------ PROVIDED DATA ------

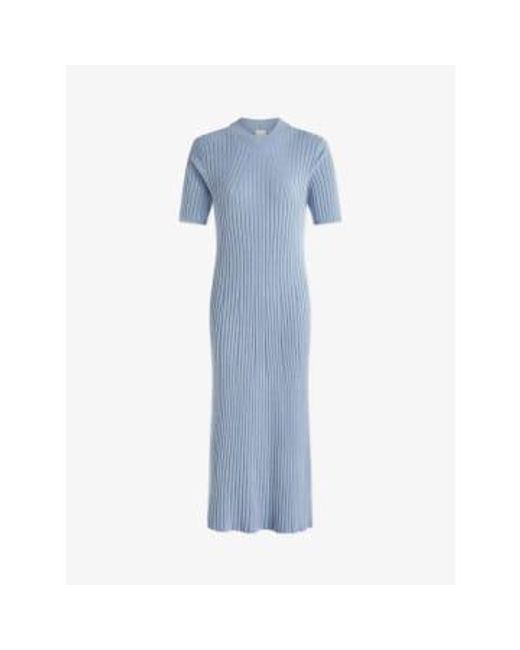Varley Blue Maeve Rib Knit Midi Dress Ashley Xs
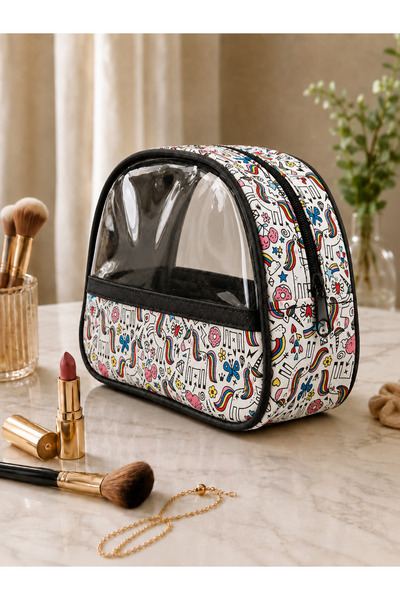 Wallery Bags Corded Fabric Transparent, Accessories & Makeup Bag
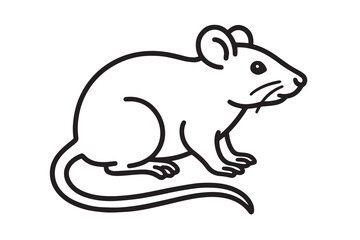 Vector illustration of a mouse in black and white, outlined in thick black lines showing its curious expression and tiny, rounded features.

------

Quote the material word for word, dropping any images it holds.

**EXERCISE SOLUTION**
Varley Blue Maeve Rib Knit Midi Dress Ashley Xs
 Wallery Bags Corded Fabric Transparent, Accessories & Makeup Bag
 Vector illustration of a mouse in black and white, outlined in thick black lines showing its curious expression and tiny, rounded features.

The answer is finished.